Le TSE a établi la période électorale entre le 20 janvier et le 31 octobre, donc la suspension est « arbitraire et illégale », affirme Semilla.
L’ordonnance du juge s’appuie sur la Loi contre le crime organisé, de rang constitutionnel inférieur à la loi électorale, et qui permet la suspension des activités d’une entité pendant que le parquet enquête.
Andrea Reyes, avocate du parti, a déclaré aux journalistes que Muñoz avait menti. « Dans la résolution, ils prétendent que le processus électoral est déjà terminé et ce n’est pas vrai, il se termine jusqu’au 31 octobre », a-t-il déclaré. Il a ajouté que la résolution émise par le juge Fredy Orellana pour suspendre le parti n’est pas ferme puisqu’elle a été contestée devant le tribunal par le parti.
Les hommes politiques ont dénoncé le fait que le procureur Rafael Curruchiche, chargé de l’enquête, ait accéléré ses attaques contre le parti lorsqu’Arévalo s’est présenté au second tour pour se présenter à la présidence.
Auparavant, à la fin du premier tour électoral, le greffier avait refusé de suspendre le parti, alléguant qu’il n’avait aucune autorité en matière de loi électorale, ce qui lui avait valu une plainte du parquet et une demande de levée de son immunité pour désobéissance à un juge. commande.

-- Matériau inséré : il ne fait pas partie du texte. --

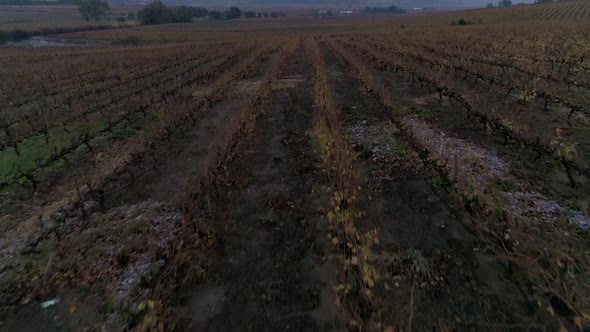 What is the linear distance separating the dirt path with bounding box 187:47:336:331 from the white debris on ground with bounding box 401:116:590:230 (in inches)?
113

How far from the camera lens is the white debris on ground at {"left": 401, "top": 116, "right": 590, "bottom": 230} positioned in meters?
5.84

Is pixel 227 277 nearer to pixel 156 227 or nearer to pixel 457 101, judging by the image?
pixel 156 227

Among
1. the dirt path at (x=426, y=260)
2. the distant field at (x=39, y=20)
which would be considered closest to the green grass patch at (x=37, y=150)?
the dirt path at (x=426, y=260)

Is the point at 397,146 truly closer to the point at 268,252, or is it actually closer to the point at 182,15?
the point at 268,252

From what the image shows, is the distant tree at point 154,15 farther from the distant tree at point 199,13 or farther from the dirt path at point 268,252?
the dirt path at point 268,252

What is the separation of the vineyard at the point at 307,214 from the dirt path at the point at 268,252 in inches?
1.0

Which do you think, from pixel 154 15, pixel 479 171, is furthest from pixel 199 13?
pixel 479 171

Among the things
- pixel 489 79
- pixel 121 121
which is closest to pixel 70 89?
pixel 121 121

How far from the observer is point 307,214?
6.38m

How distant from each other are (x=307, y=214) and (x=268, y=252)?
1222mm

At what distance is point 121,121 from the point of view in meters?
12.1

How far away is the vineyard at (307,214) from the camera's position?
434 centimetres

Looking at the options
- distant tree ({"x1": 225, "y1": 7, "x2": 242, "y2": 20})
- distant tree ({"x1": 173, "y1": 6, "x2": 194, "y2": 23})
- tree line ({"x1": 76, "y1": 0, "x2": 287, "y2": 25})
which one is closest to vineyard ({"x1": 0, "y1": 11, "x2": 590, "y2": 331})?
tree line ({"x1": 76, "y1": 0, "x2": 287, "y2": 25})

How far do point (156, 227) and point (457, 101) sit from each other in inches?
412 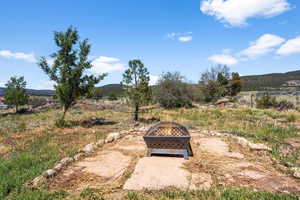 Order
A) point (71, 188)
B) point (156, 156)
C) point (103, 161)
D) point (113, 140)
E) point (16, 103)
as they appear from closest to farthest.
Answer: point (71, 188) → point (103, 161) → point (156, 156) → point (113, 140) → point (16, 103)

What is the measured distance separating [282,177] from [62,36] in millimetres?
10849

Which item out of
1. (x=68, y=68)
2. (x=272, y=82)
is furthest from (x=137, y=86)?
(x=272, y=82)

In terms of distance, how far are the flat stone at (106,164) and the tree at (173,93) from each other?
612 inches

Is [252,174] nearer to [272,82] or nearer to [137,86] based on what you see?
[137,86]

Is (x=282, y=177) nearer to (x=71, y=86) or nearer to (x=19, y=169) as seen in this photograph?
(x=19, y=169)

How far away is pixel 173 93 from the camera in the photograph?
66.9 feet

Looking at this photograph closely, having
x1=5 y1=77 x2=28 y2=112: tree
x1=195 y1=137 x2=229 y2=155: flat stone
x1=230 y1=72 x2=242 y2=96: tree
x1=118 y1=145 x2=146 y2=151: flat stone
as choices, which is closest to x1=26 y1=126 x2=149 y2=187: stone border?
x1=118 y1=145 x2=146 y2=151: flat stone

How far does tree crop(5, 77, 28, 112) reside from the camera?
18905mm

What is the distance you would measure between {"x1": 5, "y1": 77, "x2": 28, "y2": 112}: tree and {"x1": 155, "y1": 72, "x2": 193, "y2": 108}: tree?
544 inches

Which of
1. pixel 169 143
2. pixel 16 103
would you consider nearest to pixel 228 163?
pixel 169 143

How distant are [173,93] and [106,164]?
16.9 meters

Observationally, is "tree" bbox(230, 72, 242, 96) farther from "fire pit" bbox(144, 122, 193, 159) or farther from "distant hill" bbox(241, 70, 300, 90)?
"fire pit" bbox(144, 122, 193, 159)

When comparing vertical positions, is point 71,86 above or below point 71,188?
above

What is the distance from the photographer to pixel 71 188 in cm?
297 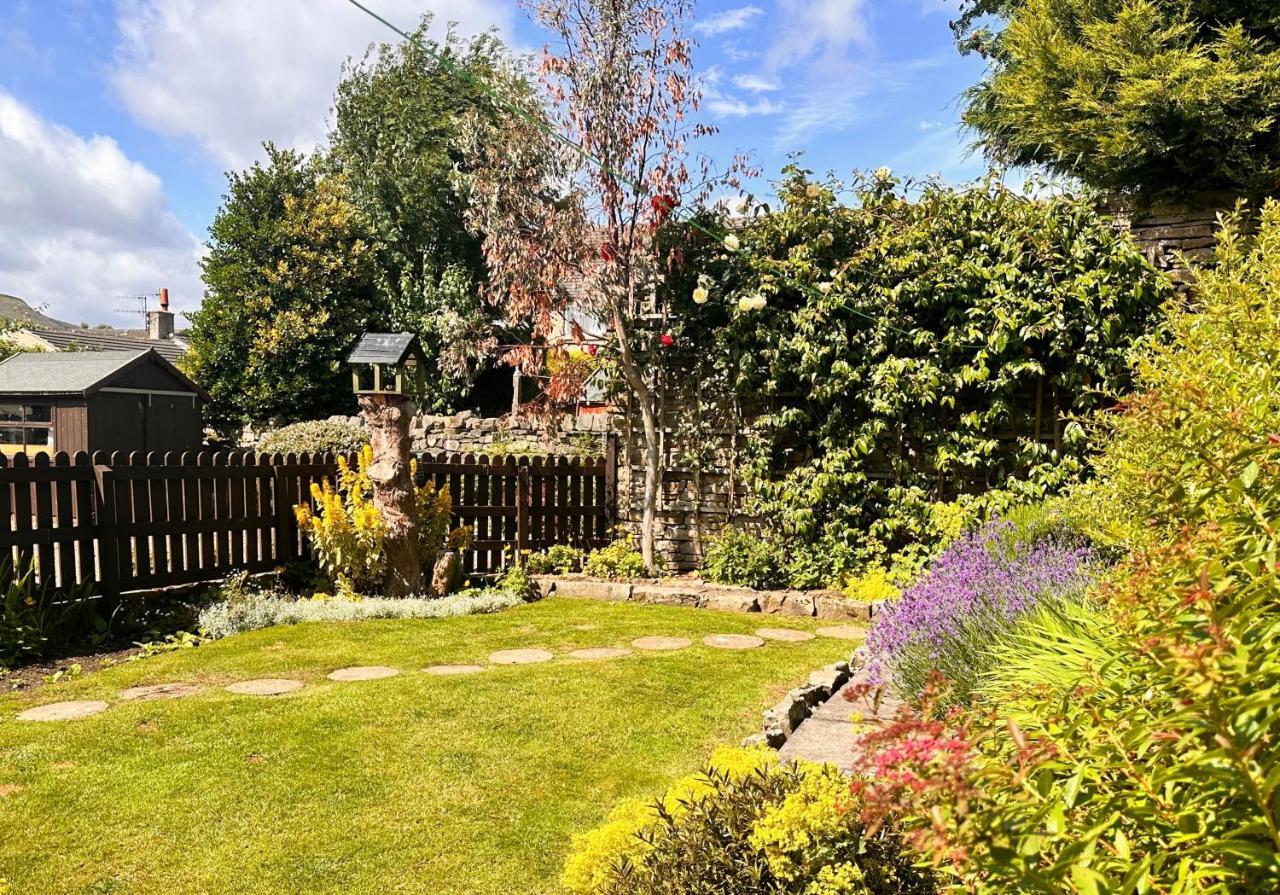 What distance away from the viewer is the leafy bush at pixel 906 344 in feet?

Cependant, après le deuxième tour, alors qu’Arévalo avait déjà gagné, Muñoz a accepté la demande.
Orellana a été sanctionnée par le gouvernement américain pour avoir émis des résolutions à des fins politiques et Curruchiche pour avoir entravé la lutte contre la corruption et porté atteinte à la démocratie dans ce pays d’Amérique centrale.